DDO obligations have encouraged the move

Ironically, advisers and brokers have been assisted by compliance with the new Design and Distribution Obligations (DDO) meant to protect investors. Under DDO, issuers have decided that hybrids, for example, can only be distributed to sophisticated investors.

For the recent issues by ANZ and CBA, brokers registered qualified clients as sophisticated and now they have a large database that can be sold to outside retail protections.

This is what potential applicants for ANZ’s recent hybrid issue were advised, even those who simply wanted to rollover their previous holding:

“If you want to apply for ANZ Capital Notes 7, you must be a client of a syndicate broker ... and either a wholesale investor, or a retail client within the Notes Target Market who has received personal advice from a licensed professional adviser.”

Out of the blocks and running

Entering this back-to-the-future world is the first of many expected new LICs and LITs, the PIMCO Global Income Opportunities Trust (proposed code on ASX:PMX), currently in the market seeking $500 million with potential for oversubscriptions of another $200 million.

(This article makes no attempt to analyse the merits of the transaction. We are drawing attention to the distribution processes and changes in advice businesses).

Page 69 of the Product Disclosure Statement says:

(i) Remuneration of financial advisers

The Manager will pay the fees (some of which are based on the volume of funds raised, as explained below) payable to the Joint Lead Arrangers and Joint Lead Managers (see Section 11.2), some of which may also act as financial advisers.

The Manager proposes to pay a stamping fee to the Joint Lead Arrangers and Joint Lead Managers in respect of all Applicants who are certified to be Wholesale Clients. However, no stamping fee will be paid in respect of an Applicant who is not certified to be a Wholesale Client.

In addition to fixed payments for respective roles, the fees are outlined in clause 11.2 on page 76:

* 0.55% for the first $40 million of allocations made to Wholesale Clients
* 0.75% of the next $20 million of allocations made to Wholesale Clients
* 0.90% of any further allocations made to Wholesale Clients raised in excess of $60 million; and
* a broker fee of 0.75% of the total dollar amount of all allocations made by that Joint Lead Manager to Wholesale Clients.

Brokers share the fees with financial advisers. It’s the first big LIC or LIT since 2019, proving that there are now enough identifiable wholesale investors to drive a large offer.

Is it difficult to qualify as sophisticated?

Becoming a wholesale investor is significant as clients agree to lose the retail protections under the Corporations Act. Not only have such protections been argued about and developed for years, but billions of dollars have been spent on fines and costs of non-compliance. Some may argue that retail investors never read Statements of Advice or Financial Services Guides, but that’s another story. Obviously, governments and regulators think they are necessary.
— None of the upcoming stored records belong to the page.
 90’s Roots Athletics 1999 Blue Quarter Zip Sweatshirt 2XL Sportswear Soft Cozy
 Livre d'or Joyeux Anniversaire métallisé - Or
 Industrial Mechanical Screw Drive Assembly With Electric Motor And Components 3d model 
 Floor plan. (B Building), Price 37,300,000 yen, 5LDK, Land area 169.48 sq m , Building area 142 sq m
Given the lack of protection when accessing this wonderland of new issues, surely it’s difficult to qualify. No, it’s relatively easy and millions of Australians are eligible. To qualify, a ‘sophisticated investor form’ must be completed, certified by an accountant, confirming the investor has:

  • Net assets of at least $2.5 million, or
  • Gross income of at least $250,000 per year for the last two financial years.

There is no requirement that the client demonstrate any standard of knowledge about investing or products. The $2.5 million threshold is not indexed and has not changed since its introduction in 2002 and the amount includes the net value of the family home. It is not investible assets, it is all assets.
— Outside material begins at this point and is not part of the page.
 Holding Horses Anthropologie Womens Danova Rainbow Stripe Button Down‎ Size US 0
CommSec is far from alone and the common retail protections lost include:

  • Financial Services Guide which explains services and fees charged.
  • Disclosures and warnings about conflicting interests in financial advice.
  • Fee disclosures or consequences of replacing one product with another.
  • Access to internal complaints handling procedures for retail clients.

Modelling by Australian National University Associate Professor Ben Phillips, commissioned by Coolabah Investments, and reported by The Australian Financial Review, suggests the wholesale investor test is met by 16% of Australians, or over one million households and 3.25 million consumers. It was only 100,000 in 2002.
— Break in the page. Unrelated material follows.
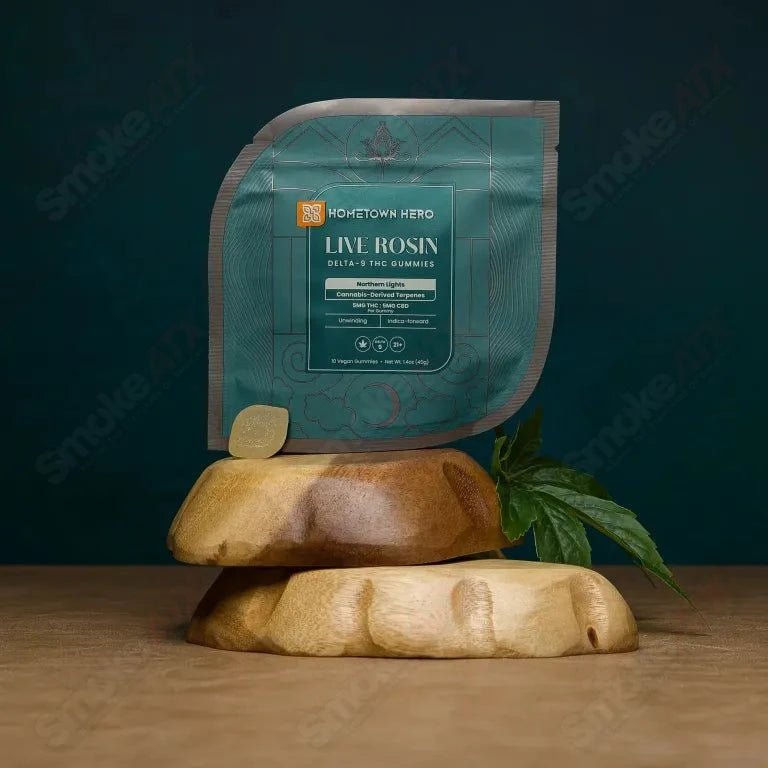 Hometown Hero Hemp edibles: 5mg Northern Lights Delta-9/CBD live rosin gummies in colorful packaging.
Let’s face it, these are the people that advisers want anyway, not only to reduce compliance, but because they have the money. It further excludes retail clients from the financial advice process as businesses switch their entire operating model to cater only to wholesale. Given the rise in home prices in the last year, these eligibility estimates are probably conservative.

A person who knows little about investing and whose house has risen in value to $2.5 million, or who inherits a valuable estate, or otherwise has wealth without financial expertise, is considered sophisticated and can be targeted. It’s reinstating the reason why stamping fees were banned two years ago.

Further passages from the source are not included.